Le journalisme est un métier de médiation. Comme la médecine ou le droit, il comporte des spécialisations qui exigent des compétences distinctes. Interviewer un cardiologue ne s’improvise pas. Il en va de même pour un avocat.
Or, dans le paysage médiatique haïtien, la spécialisation journalistique demeure imparfaite. On constate que certains journalistes ne maîtrisent pas toujours les fondements de l’exercice de l’interview.

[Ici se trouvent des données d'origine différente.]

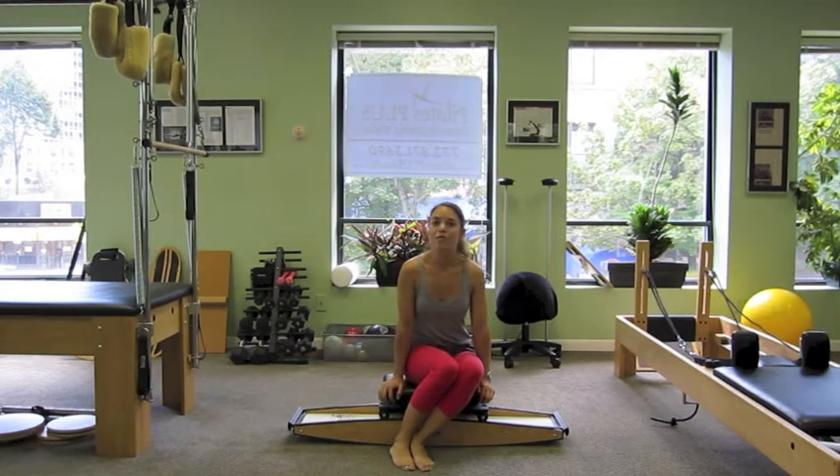So as you can see, there's a variety of ways to do Pilates inspired exercises to cross train for skiing. For more information, visit www.PilatesExpanded.com. Thanks for watching.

Au lieu de faciliter l’explicitation d’un savoir complexe, le journaliste entre parfois en compétition avec son invité. Il interrompt, contredit sur le fond, recherche la formule-choc. Cette posture méconnaît l’essentiel : dans une interview technique, le journaliste n’est pas le contradicteur, il est le passeur. Son rôle est de faciliter la compréhension de l’auditoire, non de se livrer à un échange de répliques avec son invité. Il ne peut se substituer à lui. L’exception légitime relève du champ politique : face à un acteur qui instrumentalise la parole publique, la contradiction est un devoir. Mais face à un expert qui expose son domaine de compétence, l’interruption systématique dessert l’auditoire et révèle un manque de maîtrise du métier.
L’exemple de Me Samuel Madistin est éclairant. Il n’est pas seulement reconnu comme un avocat chevronné ; il confirme sa compétence par les nombreux dossiers complexes qu’il a plaidés et gagnés devant toutes les juridictions haïtiennes. Ses différentes interviews accordées à des journalistes témoignent de sa maîtrise du droit, notamment du droit pénal haïtien.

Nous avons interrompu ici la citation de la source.